(Recorded data)
= = = = = = =
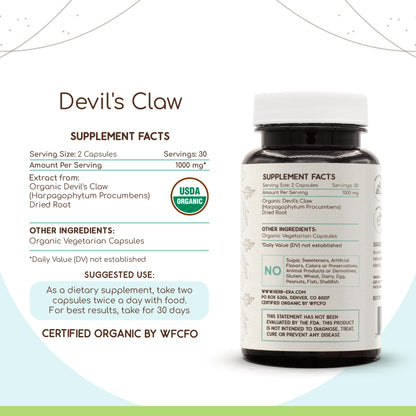 Devil's Claw USDA Organic 60 Capsules | Natural Herbal Supplement | Certified Organic Vegetarian Capsules and Organic Devil's Claw (Harpagophytum procumbens) Dried Root (60 Capsules)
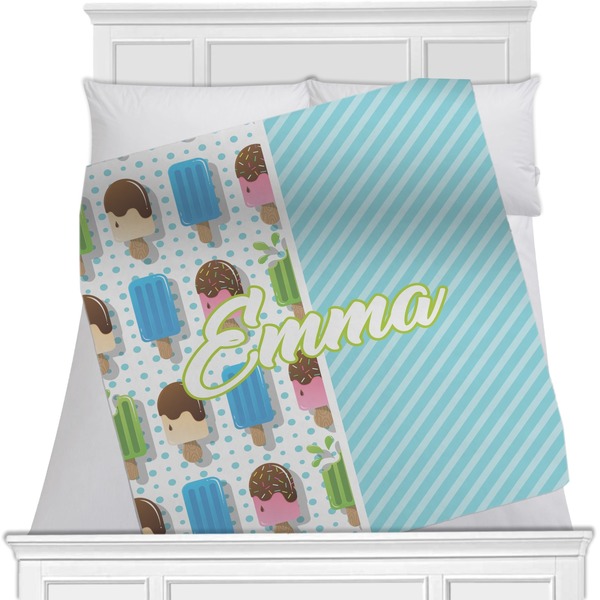 Custom Popsicles and Polka Dots Minky Blanket - Twin / Full - 80"x60" - Single Sided (Personalized)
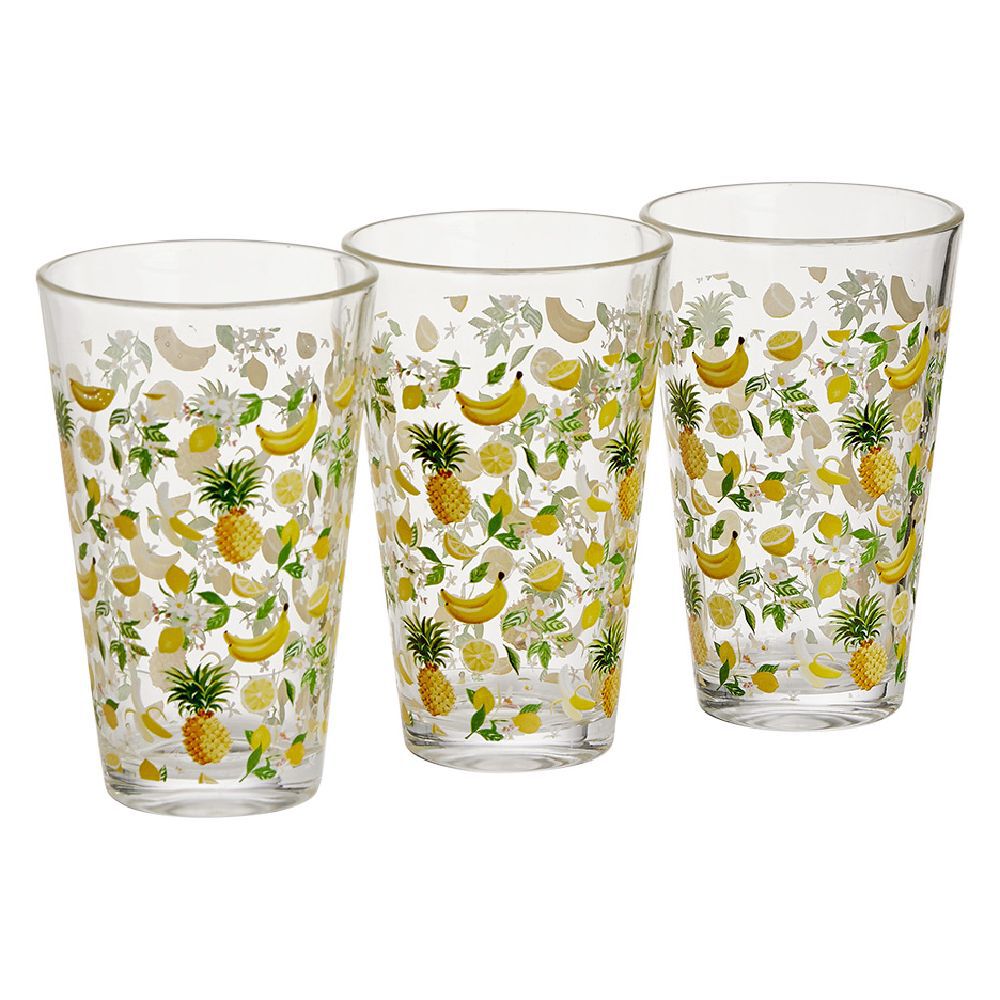 Gobelet haut verre transparent motif fruit exotique jaune 30cl x3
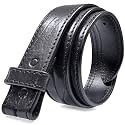 100% One-Piece Full Grain Leather Belt Straps with No Slot Hole/Slot Hole/Heavy-Duty, Multi Options 1-1/2" (38mm) Wide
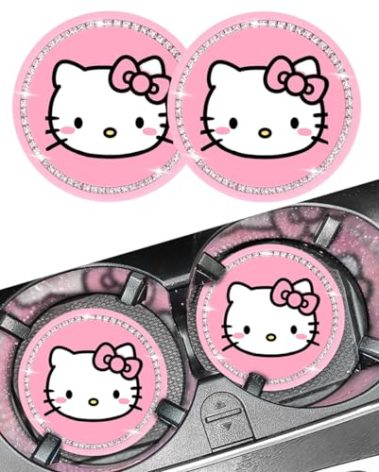 2PCS Cute Kitty Cup Holder Coasters, Black Silicone Anti-Slip Car Coasters,Car Cup Pads,Universal 2.75 Inch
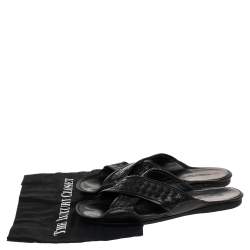 Pre Owned حذاء سلايدز فلات بوتيغا فينيتا سيور متعاكسة جلد انترشياتو أسود مقااس 42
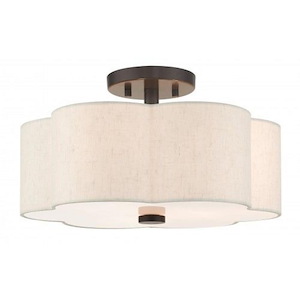 Horsley Cloisters - 3 Light Semi-Flush Mount in French Country Style - 15 Inches wide by 8.5 Inches high - 1122783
= = = = = = =
- Work request -
Reproduce the data above in full, exactly as it is, with the pictures left out.

- Solution for this problem -
 Devil's Claw USDA Organic 60 Capsules | Natural Herbal Supplement | Certified Organic Vegetarian Capsules and Organic Devil's Claw (Harpagophytum procumbens) Dried Root (60 Capsules)
 Custom Popsicles and Polka Dots Minky Blanket - Twin / Full - 80"x60" - Single Sided (Personalized)
 Gobelet haut verre transparent motif fruit exotique jaune 30cl x3
 100% One-Piece Full Grain Leather Belt Straps with No Slot Hole/Slot Hole/Heavy-Duty, Multi Options 1-1/2" (38mm) Wide
 2PCS Cute Kitty Cup Holder Coasters, Black Silicone Anti-Slip Car Coasters,Car Cup Pads,Universal 2.75 Inch
 Pre Owned حذاء سلايدز فلات بوتيغا فينيتا سيور متعاكسة جلد انترشياتو أسود مقااس 42
 Horsley Cloisters - 3 Light Semi-Flush Mount in French Country Style - 15 Inches wide by 8.5 Inches high - 1122783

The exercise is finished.